Yawm was right, as much as I hated to admit it. It wasn’t any fun, but this was a kill or be killed system that Schema put us in. Either I accepted that or I died. Besides for that, it would be interesting to see what a true galactic mercenary was like. I also wanted to see how I measured up to them.
Who knew, they might even be a way of gaining a few levels. I sighed,
“Alright. I’ll go with you.”
Yawm slapped my shoulder, “Hah! This is good. Very good. Follow me. I’ll show them to you. I’ll even let you have the weakest ones.” With Yawm’s bloodlust fully unveiled he leaned towards me,
“Leave the strongest ones for me, or else I’ll fight you in their place. I can deny one good fight, but two in a row? I won’t allow it.”

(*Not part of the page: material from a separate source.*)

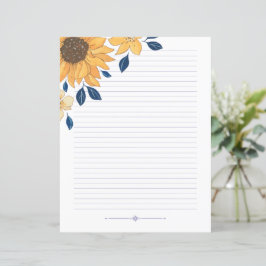 Lámina Papel de escritura en línea - girasoles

I frowned, ”All I ask is that you talk to them first. These aren’t eldritch after all. You can actually reason with people.”
Yawm narrowed one eye and widened the other, like he was raising an eyebrow,
“What? Hah, if you wish. I assure you, they won’t listen to reason. Unlike the eldritch, they’ll lie and decieve you before stabbing your back.”
He turned towards the direction of the levelers, “In fact, why don’t you talk with them instead?” The air around us crackled before turning a green tint. Radiation swelled before coalescing into Yawm’s palms,
“It becomes self evident after a bit of thought about their circumstances. Levelers spend decades killing abominations. Tell me, what do you think those kind of people become, given time?”
Yawm turned his head towards me,
“I’ll give you a hint. They are monsters.”